┌─ Data shown

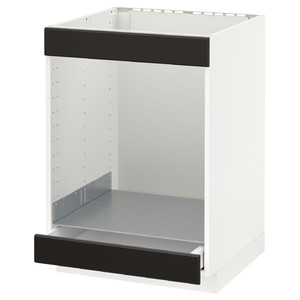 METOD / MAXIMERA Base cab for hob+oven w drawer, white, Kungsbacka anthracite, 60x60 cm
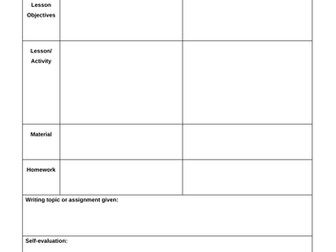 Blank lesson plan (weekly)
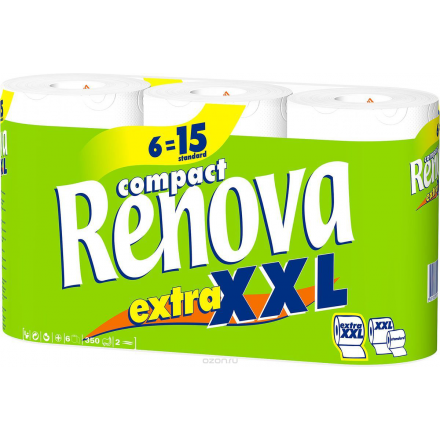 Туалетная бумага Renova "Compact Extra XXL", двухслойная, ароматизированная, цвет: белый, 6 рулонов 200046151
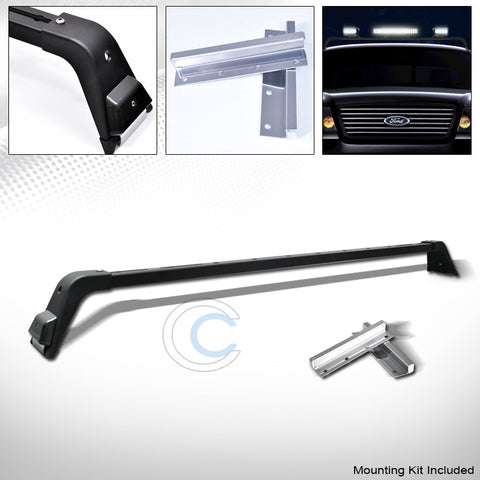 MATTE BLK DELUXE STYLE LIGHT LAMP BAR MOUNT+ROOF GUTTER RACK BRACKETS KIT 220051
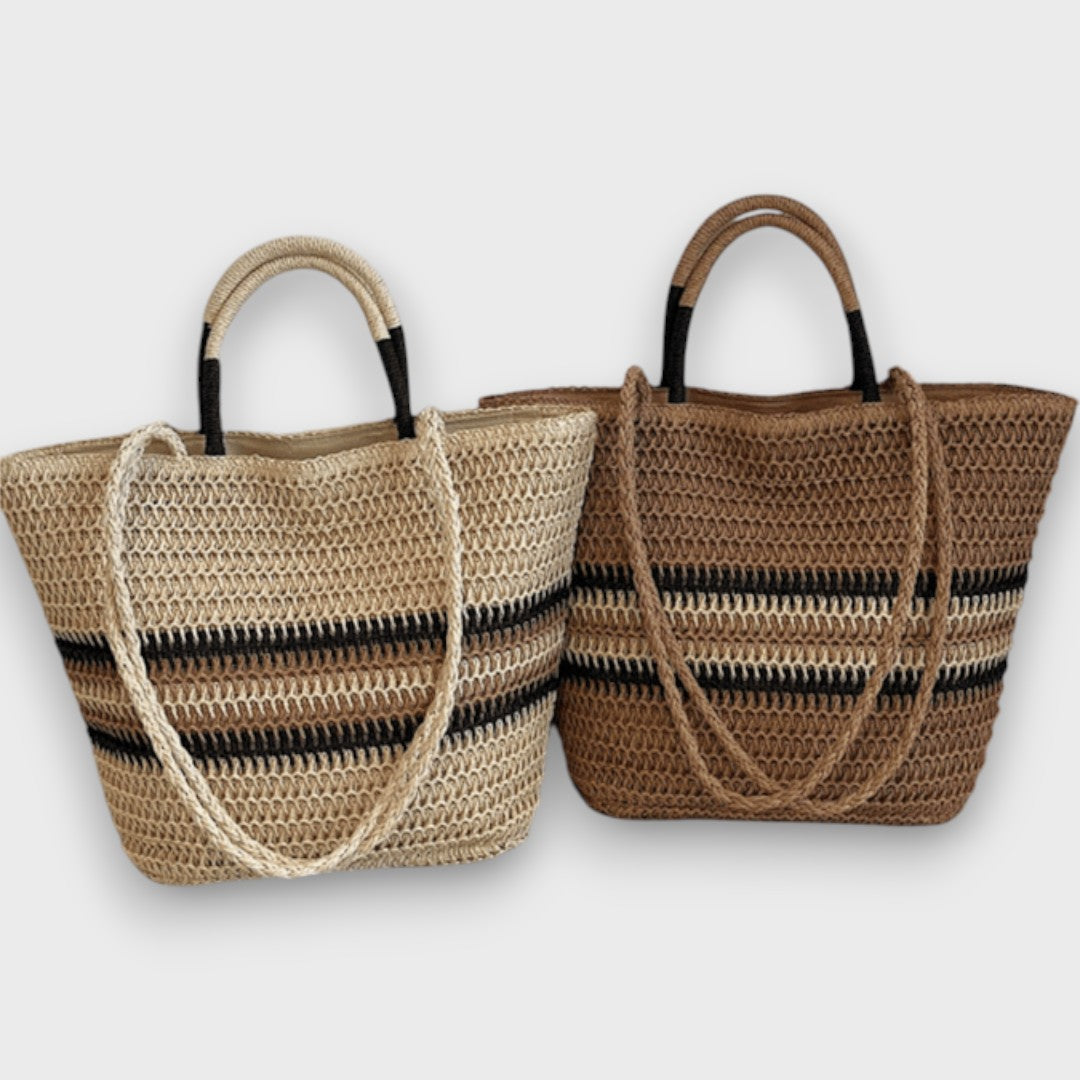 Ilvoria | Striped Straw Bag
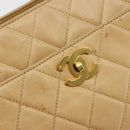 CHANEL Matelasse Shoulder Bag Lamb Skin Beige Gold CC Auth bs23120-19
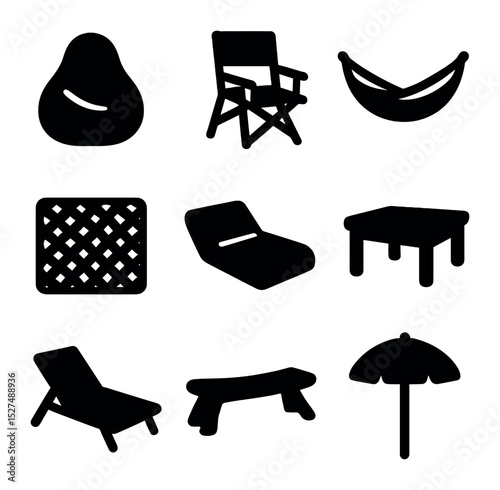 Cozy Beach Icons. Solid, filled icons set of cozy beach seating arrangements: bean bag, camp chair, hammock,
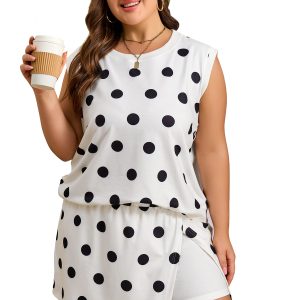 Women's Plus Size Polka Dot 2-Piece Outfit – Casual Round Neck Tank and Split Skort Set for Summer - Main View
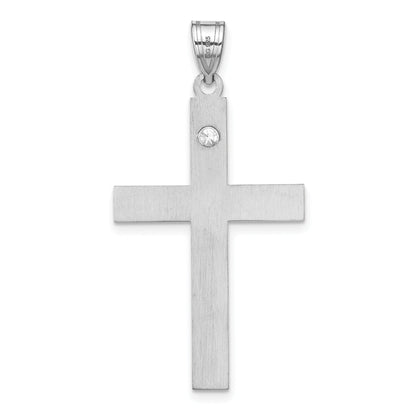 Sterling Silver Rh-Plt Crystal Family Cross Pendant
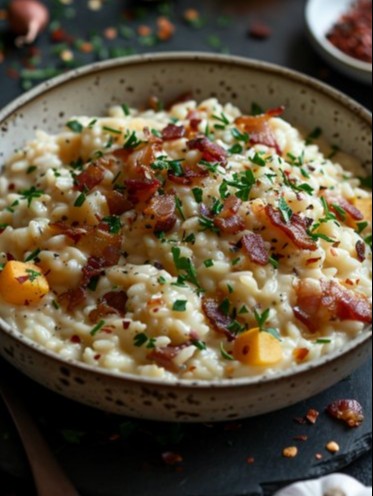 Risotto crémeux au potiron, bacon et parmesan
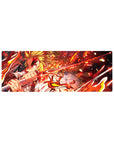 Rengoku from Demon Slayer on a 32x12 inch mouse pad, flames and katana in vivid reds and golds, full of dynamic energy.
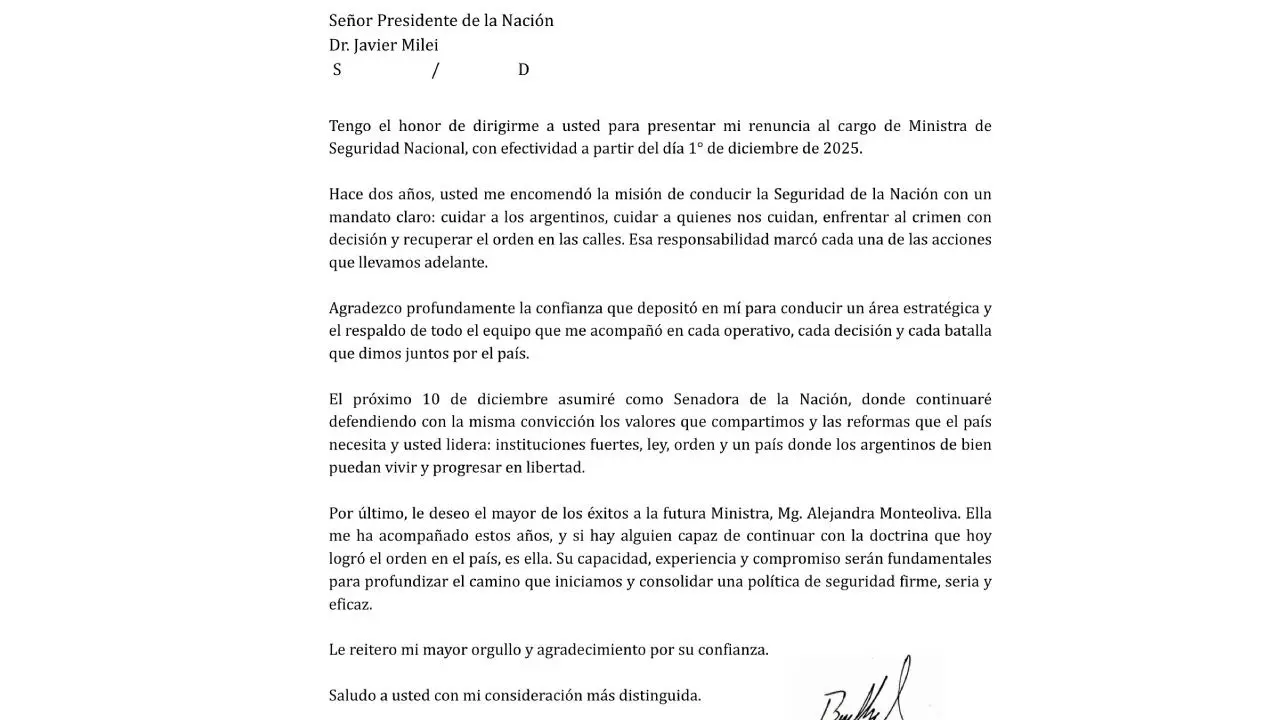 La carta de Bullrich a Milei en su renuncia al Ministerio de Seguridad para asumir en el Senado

└─

Required action:
In the records above, find the line containing "Туалетная бумага Renova" and the line containing "Ilvoria | Striped Straw Bag", then give both of them again word for word along with every line between. Omit any pictures.

Expected answer:
 Туалетная бумага Renova "Compact Extra XXL", двухслойная, ароматизированная, цвет: белый, 6 рулонов 200046151
 MATTE BLK DELUXE STYLE LIGHT LAMP BAR MOUNT+ROOF GUTTER RACK BRACKETS KIT 220051
 Ilvoria | Striped Straw Bag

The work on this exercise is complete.